Work instruction:
Only the lines from the start of the data through the line containing "Central Hotel &" should be written out, exactly as they are, with both ends included and the pictures left out.

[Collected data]
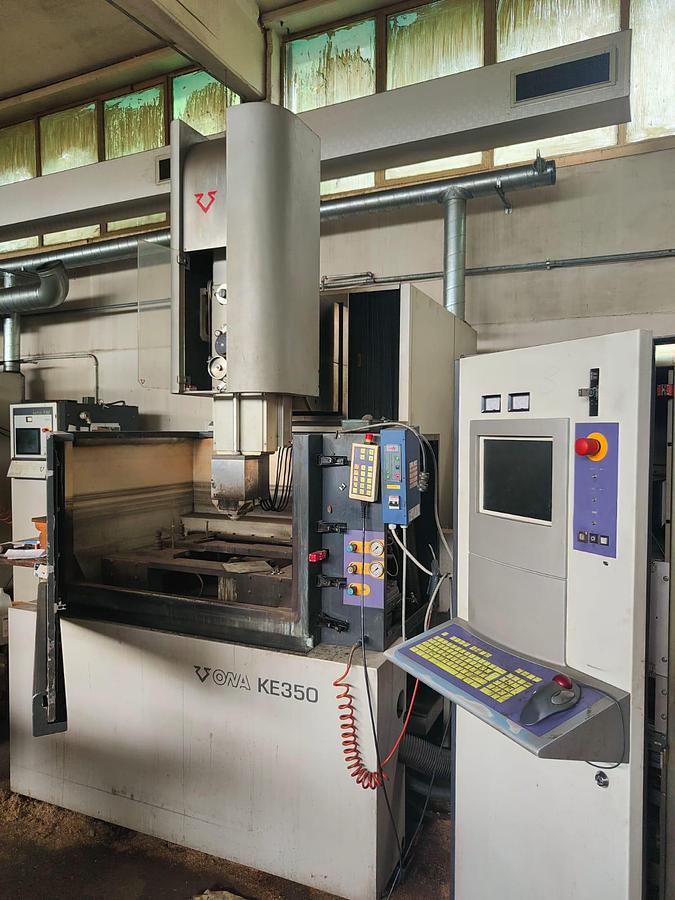 Used 2003 ONA WIRE EDM mod.KE350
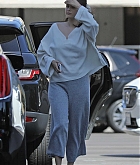 Selena_Gomez_-_Going_jewelry_shopping_at_XIV_Karats_in_Beverly_Hills_August_62C_2019-03.jpg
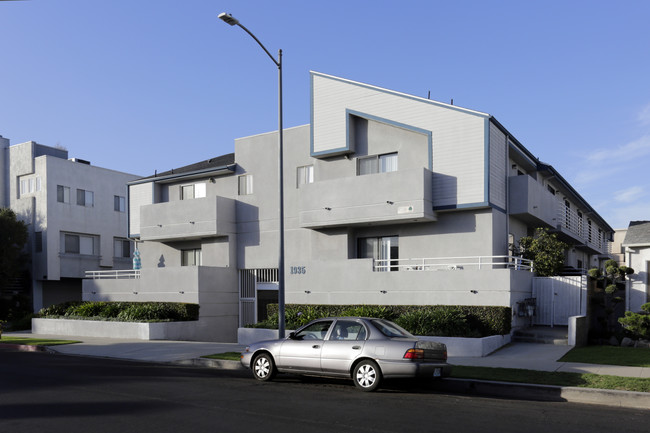 1935 Corinth Avenue, in Los Angeles, CA - Building Photo - Building Photo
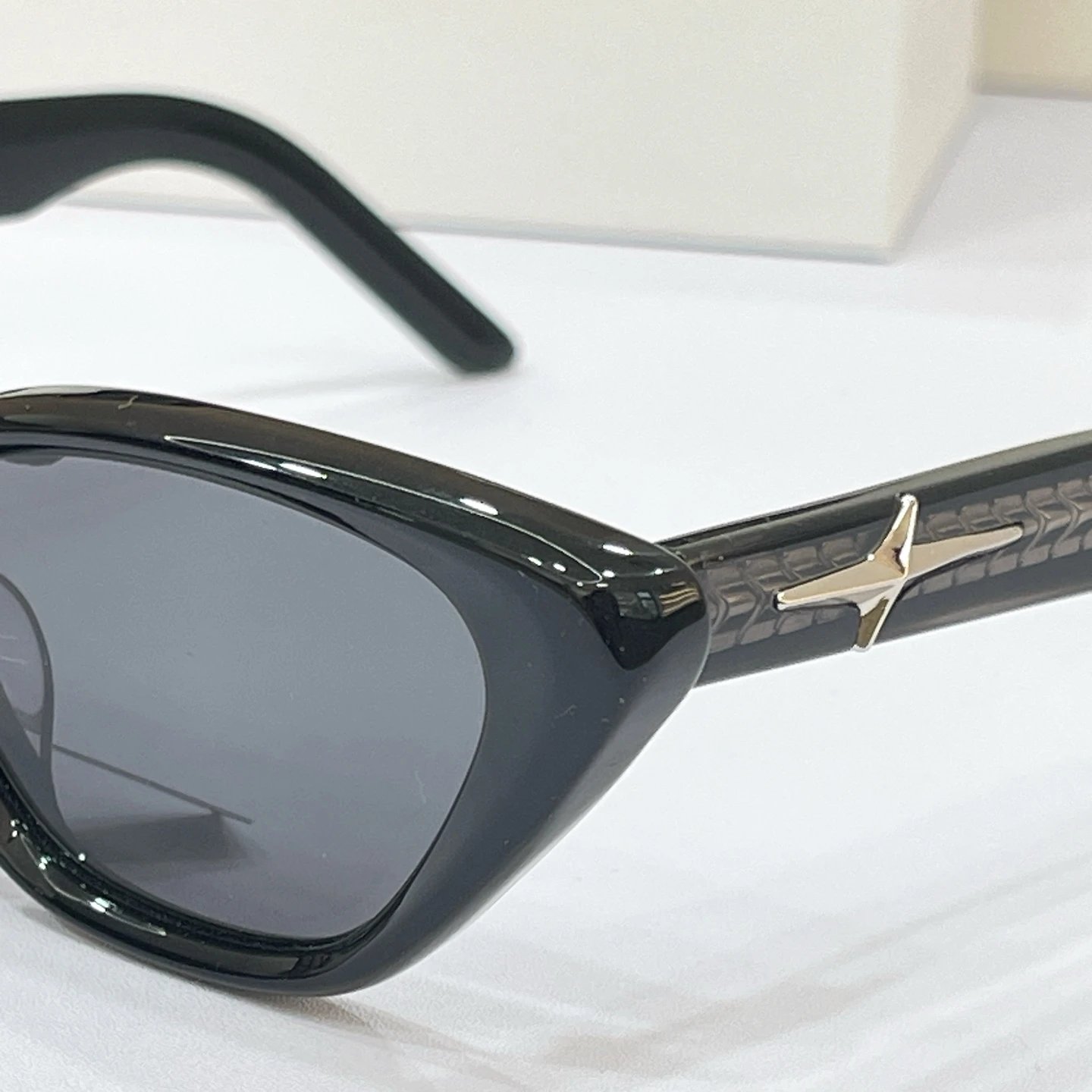 Gentle Monster MOWA Sunglasses 54-21-147 — Photo 6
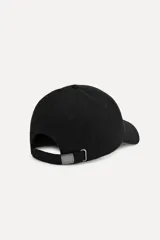 Gorra rosa de algodón con visera y parche bordado con el número 50 y la leyenda "A Coruña".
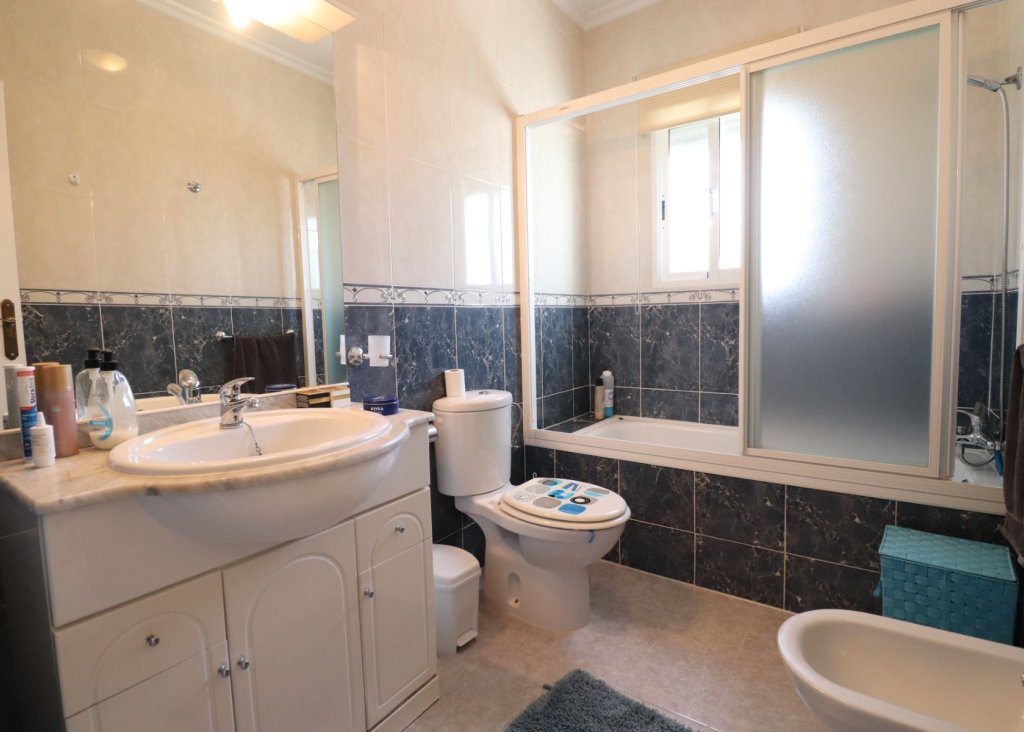 Venta - Finca / Country Property - Catral - Catral - Country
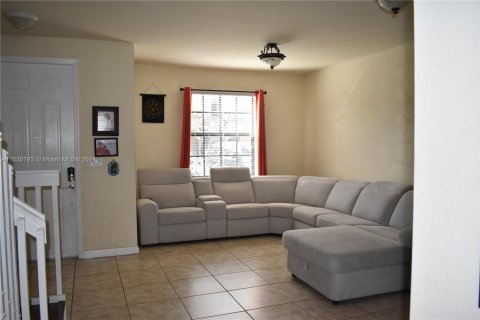Townhouse in Hialeah, Florida 3 bedrooms, 143.53 sq.m. № 1004232 - photo 2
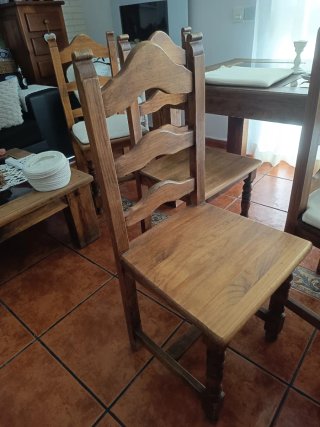 Sillas de madera maciza (6 unidades) muy cuidadas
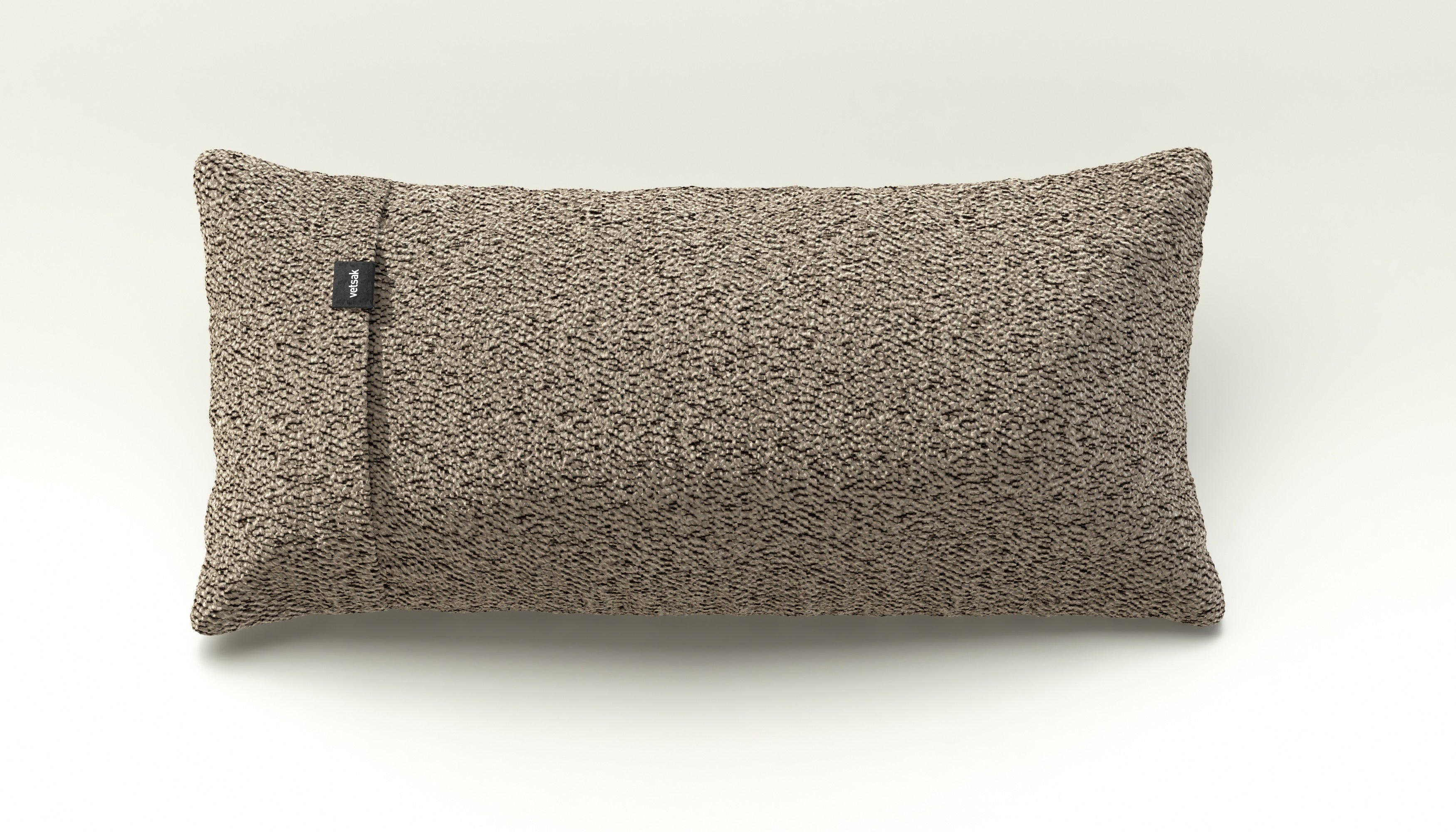 Kleines Pillow von vetsak in Taupe – dezente Farbtiefe in eleganter Bouclé-Oberfläche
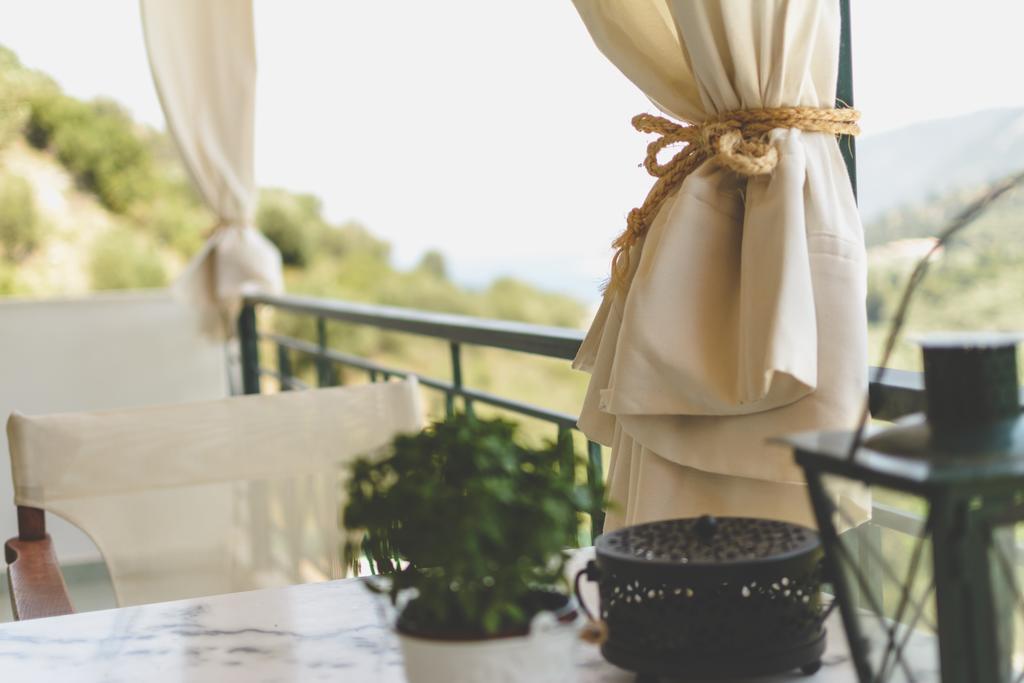 Althea Studios Lefkada Áyios Nikítas Rum bild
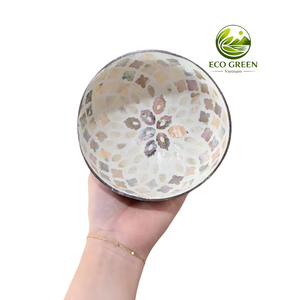 Bol en noix de coco écologique fait à la main avec motif mosaïque floral pour le petit-déjeuner, la salade, le dessert, la décoration de la cuisine et de la table - Product Image 4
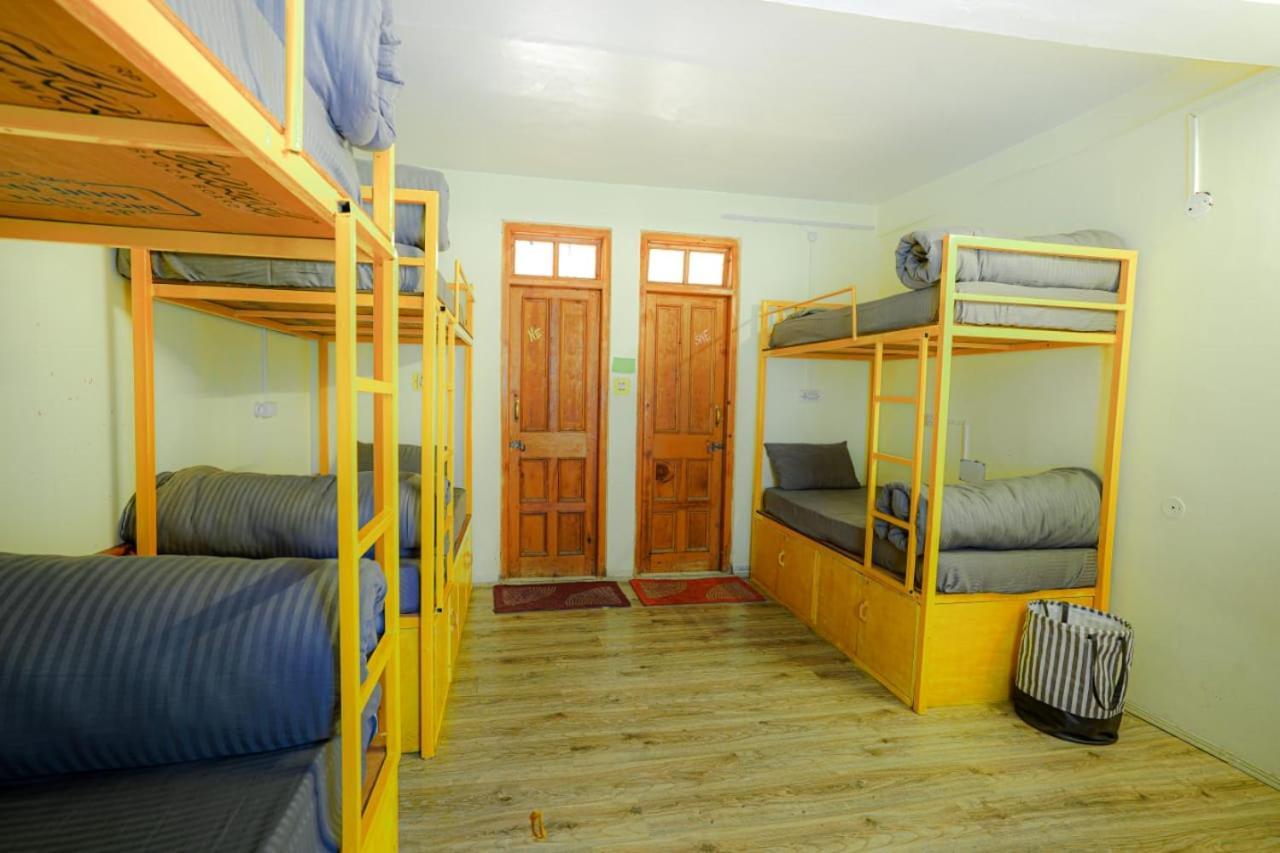 Mars Monkey Hostel & Cafe Manali  Ngoại thất bức ảnh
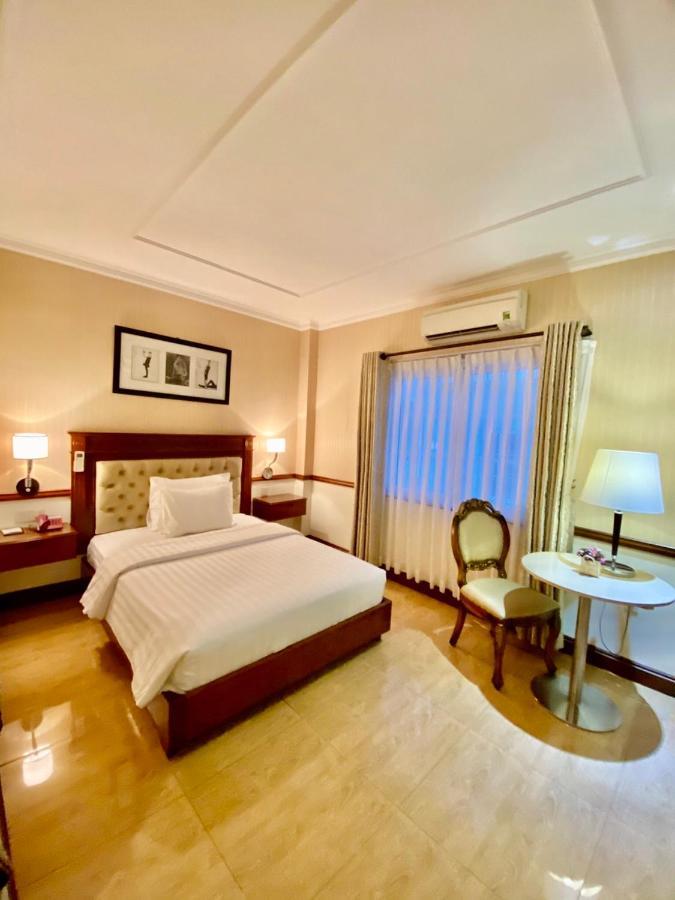 Central Hotel & Residences Swimming Pool Хошимин Экстерьер фото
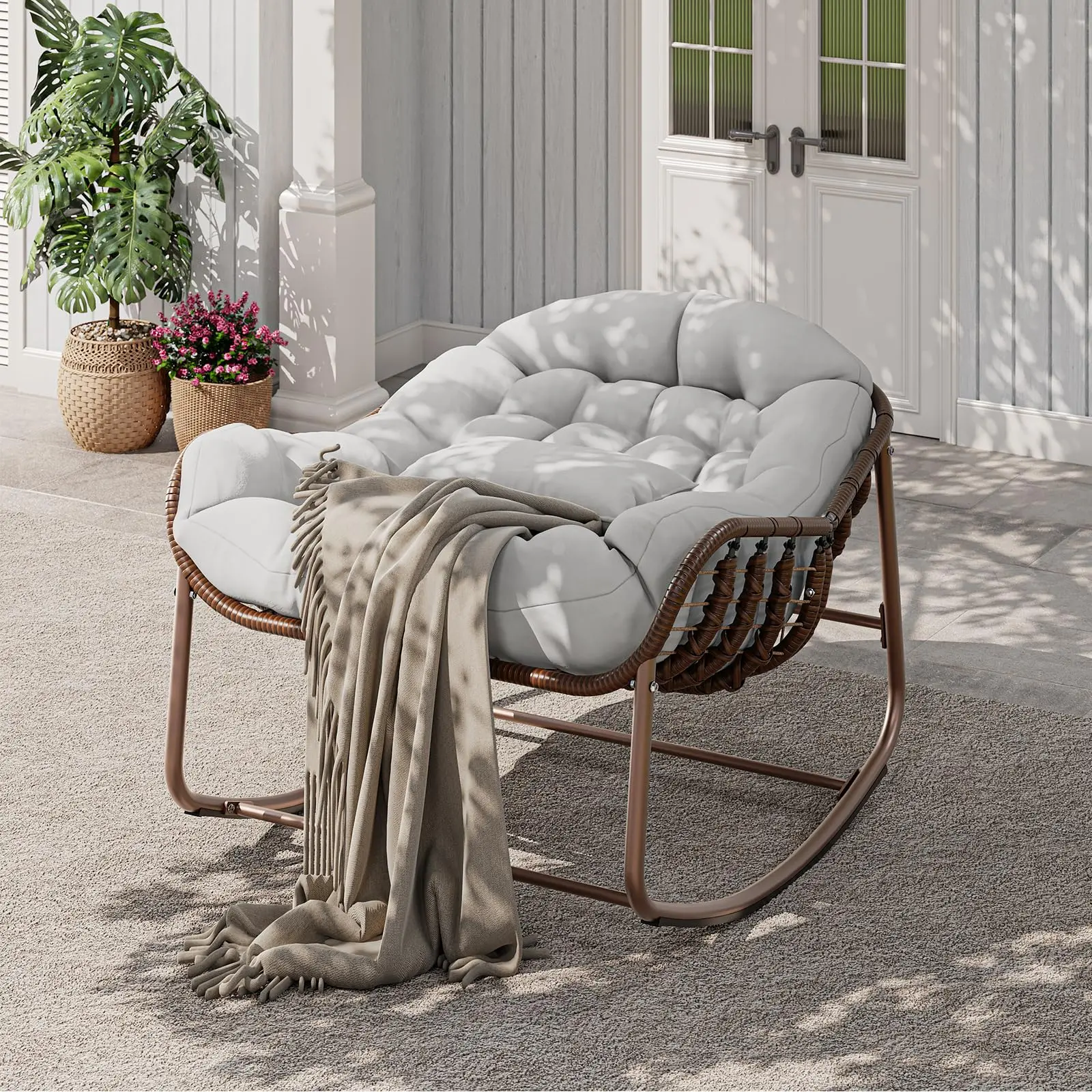 Poltrona a dondolo con cuscino spesso, ideale per giardino e soggiorno. Dondolo ergonomico per esterni, con struttura in acciaio rivestito con vernice resistente agli agenti atmosferici, imbottito,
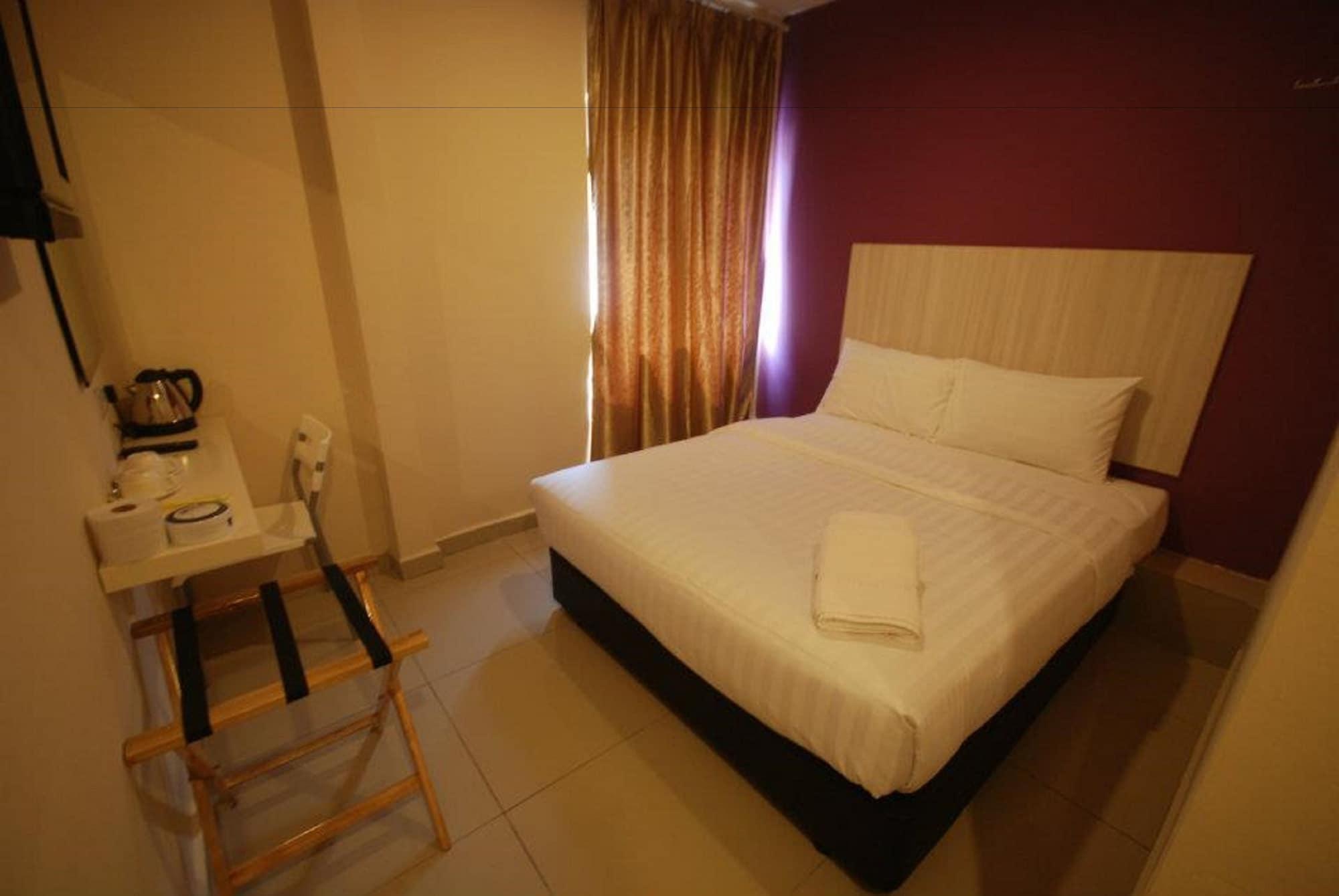 101 Hotel Bangi Bagian luar foto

Solution for this exercise:
 Used 2003 ONA WIRE EDM mod.KE350
 Selena_Gomez_-_Going_jewelry_shopping_at_XIV_Karats_in_Beverly_Hills_August_62C_2019-03.jpg
 1935 Corinth Avenue, in Los Angeles, CA - Building Photo - Building Photo
 Gentle Monster MOWA Sunglasses 54-21-147 — Photo 6
 Gorra rosa de algodón con visera y parche bordado con el número 50 y la leyenda "A Coruña".
 Venta - Finca / Country Property - Catral - Catral - Country
Townhouse in Hialeah, Florida 3 bedrooms, 143.53 sq.m. № 1004232 - photo 2
 Sillas de madera maciza (6 unidades) muy cuidadas
 Kleines Pillow von vetsak in Taupe – dezente Farbtiefe in eleganter Bouclé-Oberfläche
 Althea Studios Lefkada Áyios Nikítas Rum bild
 Bol en noix de coco écologique fait à la main avec motif mosaïque floral pour le petit-déjeuner, la salade, le dessert, la décoration de la cuisine et de la table - Product Image 4
 Mars Monkey Hostel & Cafe Manali  Ngoại thất bức ảnh
 Central Hotel & Residences Swimming Pool Хошимин Экстерьер фото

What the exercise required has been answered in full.